To prevent potential discrimination that could occur upon early termination of a defined benefit pension plan, one of the rules under the IRC §401(a)(4) nondiscrimination requirement limits the benefits payable to the 25 highest paid highly compensated employees. [Reg.§1.401(a)(4)-5(b)(1)] A lump sum distribution may be made in excess of those limits, provided adequate provision is made for repayment of restricted amounts in the event of plan termination while the restrictions remain applicable. [Rev. Rul. 92-76]
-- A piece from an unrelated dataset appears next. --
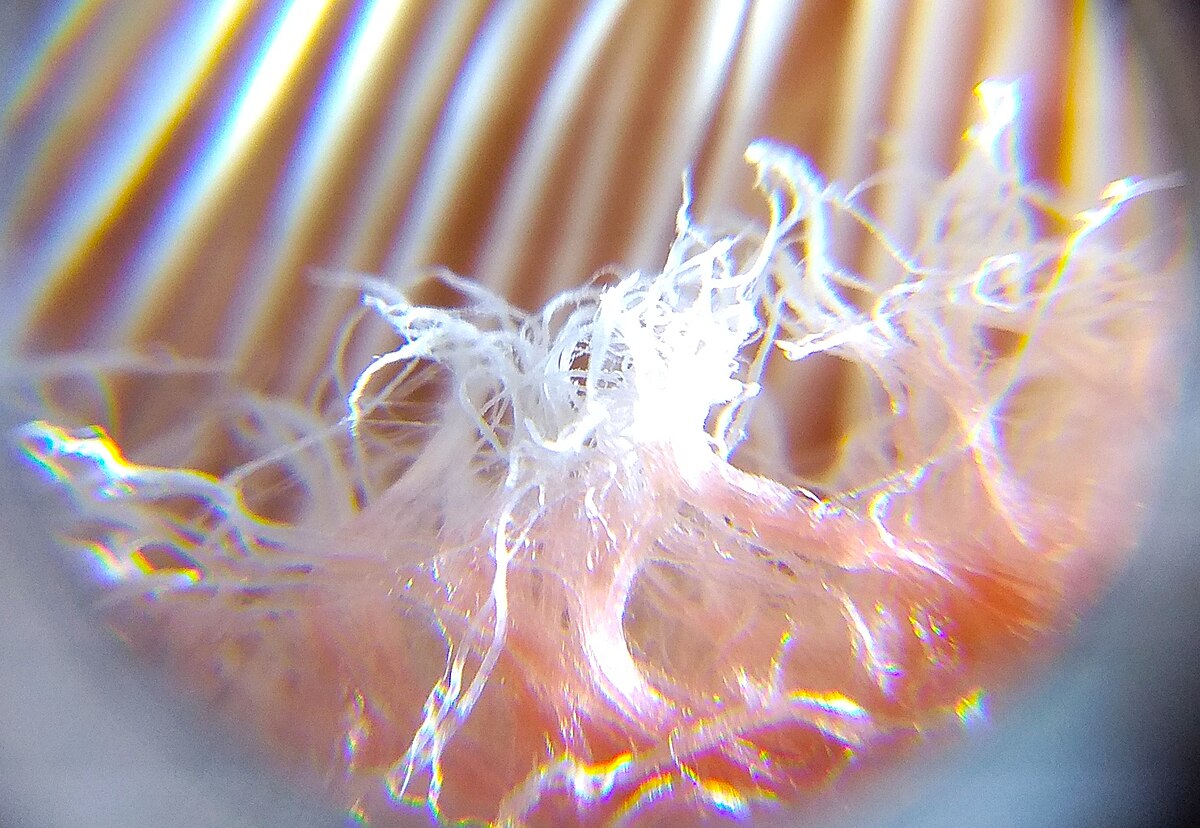 Lactarius torminosus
Can a restricted employee’s lump sum distribution provide its own security under these rules, while retaining favorable tax status for the retirement savings through a rollover to an IRA? The recent PLR blesses one approach –

  • Distribution of the value of the restricted employee’s entire accrued benefit from the defined benefit plan will be eligible for rollover to an IRA. Under the PLR’s arrangement, the restricted employee plans to take a lump sum distribution of the entire value of the accrued benefit under the defined benefit plan, despite the Reg.§1.401(a)(4)-5(b)(3) restriction on benefits, and roll over that entire amount into an IRA via a direct trustee-to-trustee transfer. As previously noted in Rev. Rul. 92-76, an otherwise eligible lump sum distribution that includes such restricted benefits remains characterized as a lump sum distribution, although a portion of the distribution may need to be returned to the plan, hence remains eligible for rollover despite the inclusion of the restricted benefits. Amounts withdrawn from the employee’s defined contribution account and deposited with the IRA via a trustee-to-trustee transfer in accordance with terms described below are similarly eligible for rollover treatment.
  • The IRA repayment agreement satisfies the nondiscrimination conditions of Reg.§1.401(a)(4)-5(b) and the security rules of Rev. Rul. 92-76. Under the PLR arrangement, the restricted employee and the employer will enter a repayment agreement to secure repayment of the restricted amount to the pension plan in the event such repayment is ever required. The employee will secure that repayment obligation by:
    • Segregation of the IRA into two separate accounts –
      1. “Restricted assets,” initially having a value equal to 125% of the restricted amount; and
      2. “Unrestricted assets” equal to any remaining IRA assets, if any;
    • Assignment by the restricted employee to the pension plan of rights in the IRA restricted assets; and
    • Agreement that the IRA bank will hold the IRA restricted assets for the benefit of the pension plan during the period of restriction.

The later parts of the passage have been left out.